*Edited: 2022-09-13*

# CMM201 &mdash; Lab 2.1

Now that we are in to the second block of CMM201, the focus is on data. We need to look at storing multiple items of data in a single variable. This can be done with collections, such as lists, and set which we will see next week. But this unit is all about the **tuple**, which is the simplest collection type.

## Creating Tuples

We can create a tuple by separating the elements with commas.

In [None]:
1, 25, 91, 6

Notice the Jupyter output displays the tuple with round brackets `(` `)`. These aren't really part of the tuple, it's just how it's displayed. If you like, you can put round brackets around it. It won't change what object you're creating.

In [None]:
(1, 25, 91, 6)

We can assign a tuple to a variable, in the same we we do with any other type.

In [None]:
x = 2, 4, 8, 16

and recall the variable later.

In [None]:
x

There is no way to change the tuple once it is created, but we can create a new tuple and reuse the old variable name.

Let's say we want the tuple to add `32` to the end of the tuple, just throw away the old tuple and create a brand new tuple containing the items we want.

In [None]:
x = 2, 4, 8, 16, 32

x

We can add elements to a tuple using the `+` operator, however, this does *not* change the tuple, it simply create a new tuple!

Let's say we want to add `64, 128, 256`, the following code will create a new tuple containing both the old and newly added elements.

By the way, notice that in this case we do need he brackets.

In [None]:
x + (64, 128, 256)

Notice that `x` is unaffected.

In [None]:
x

If we want `x` to change, we must use the assignment operator `x = `... something

For example:

In [None]:
x = x + (64, 128, 256)

x

The `+=` operator also works as an assignment.

Recall from unit one that if we have a variable `y` which store a number, we can increase the variable by one by writing `y = y + 1` or the shorthand `y += 1`.

**Note:** You may notice that there is an extra comma `,` here, that's not a mistake. We are specifying a length-one tuple.
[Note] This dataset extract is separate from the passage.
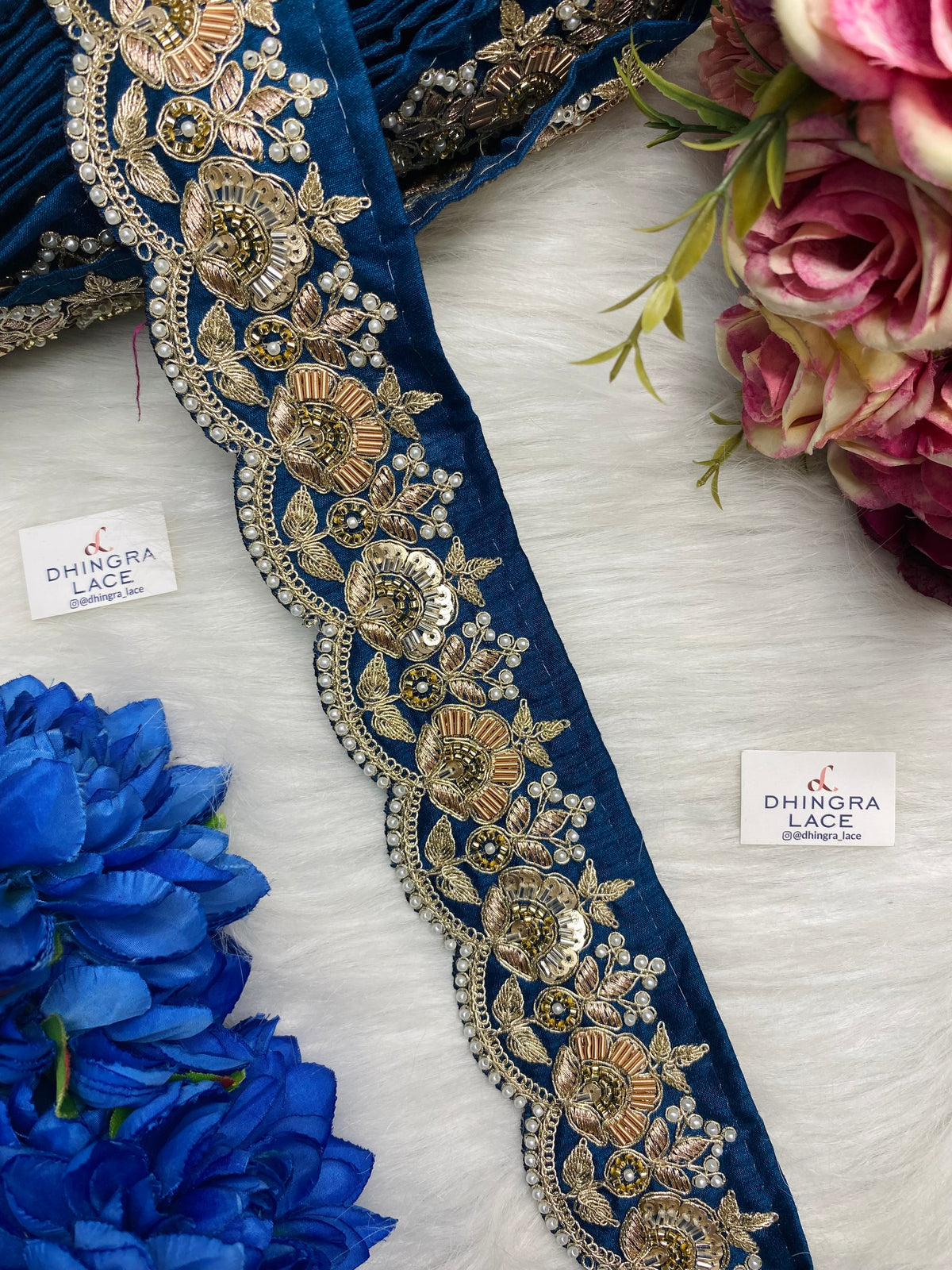 Zardozi Border Silk Based (9 Meters) 211026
A tuple with **exactly one item** needs a trailing comma.

In [None]:
x += (512, )

x

In the next unit, we will encounter *mutable* collections, but for tuples, we can't change the individual values, except by creating a new tuple.
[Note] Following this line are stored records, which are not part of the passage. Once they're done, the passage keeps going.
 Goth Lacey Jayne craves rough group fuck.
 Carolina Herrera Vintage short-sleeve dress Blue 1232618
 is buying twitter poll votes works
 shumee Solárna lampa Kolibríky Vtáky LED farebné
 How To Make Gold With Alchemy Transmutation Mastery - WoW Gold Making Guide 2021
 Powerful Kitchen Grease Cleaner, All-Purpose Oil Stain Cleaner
**(a)** Create a tuple called `shopping` to store three **strings** which are items or shopping/groceries. You can choose which three items to use.

In [None]:
...

We can check the length of the tuple using the `len` method. The following should show `3` as an output cell, assuming you created the tuple with exactly three items.

In [None]:
len(shopping)

**(b)** Modify the variable `shopping` so that in addition to the current three items, it also contains once more item, which you can choose.

In [None]:
...

Now we can check to verify that your `shopping` has updated and now has your four items in total.

In [None]:
shopping

In [None]:
len(shopping)

## Indexing and Slicing

The items of a tuple are indexed, starting from `0` and going up to one less than the length. We can retrieve an element using indexing.
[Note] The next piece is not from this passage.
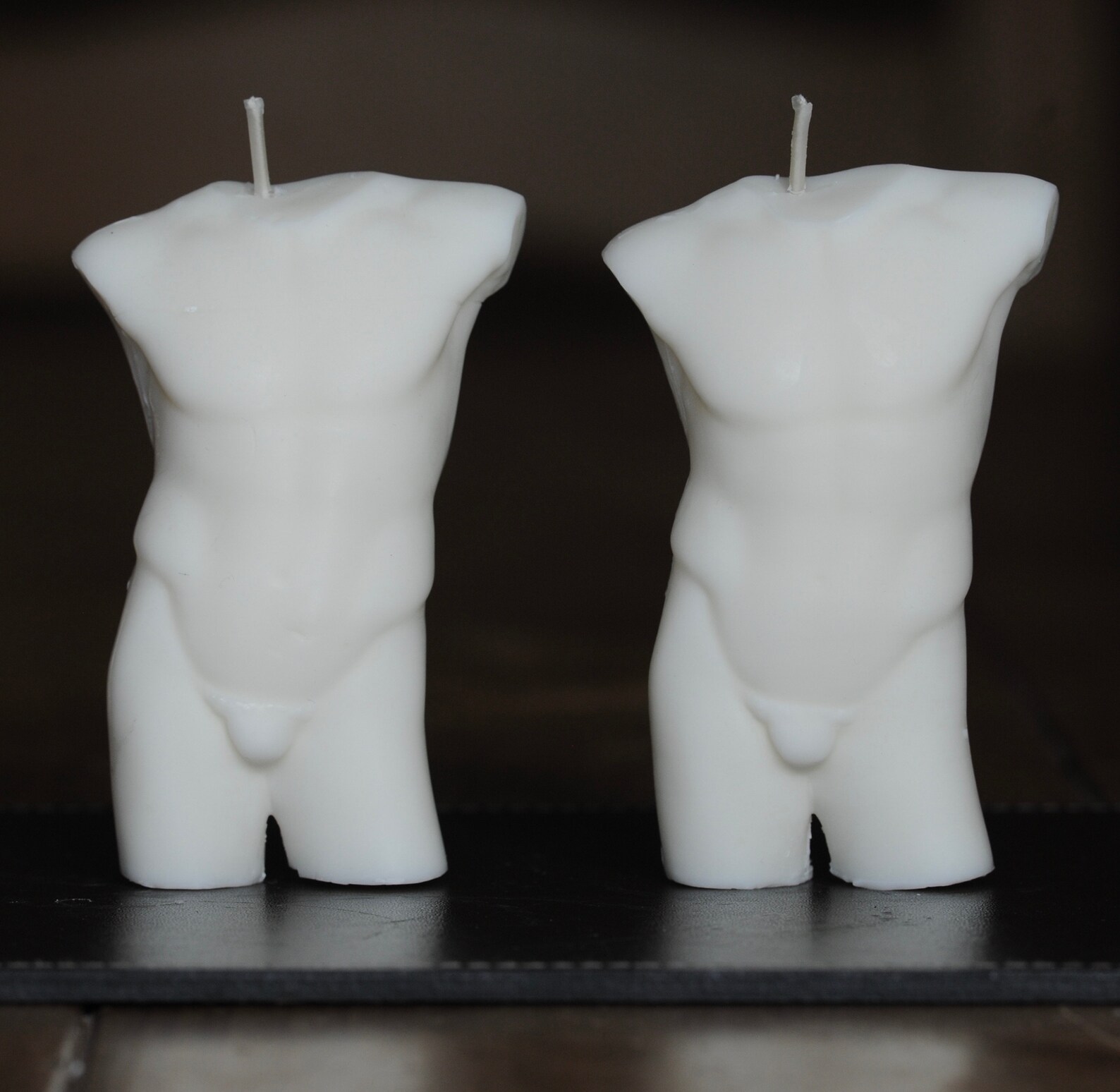 Scented male body candle set Vegan soy wax body candle set Etsy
This syntax will give the second (not the first!!!) element from your shopping list.

In [None]:
second_item = shopping[1]

second_item

Actually, strings can be indexed in the same way, let's get the first character of the string of this item.

In [None]:
first_character = second_item[0]

first_character

We can also index backwards, for example, if we want the last item of a tuple, we could count the number of items, then subtract one:

In [None]:
shopping[len(shopping) - 1]

but it is better to use negative indexing. This is a lot easier for someone to read an understand your code.

In [None]:
shopping[-1]

Similarly, `-2` will give the second-last element.

Usually we use positive indexing, but if we were doing something like selecting the last element, then negative indexing come sin handy.

Let's define another tuple to use an example. This will be of length `5`.

In [None]:
example = 10, 1000, 42, 'Banana', 3.14

Here is a table showing how the indices line up.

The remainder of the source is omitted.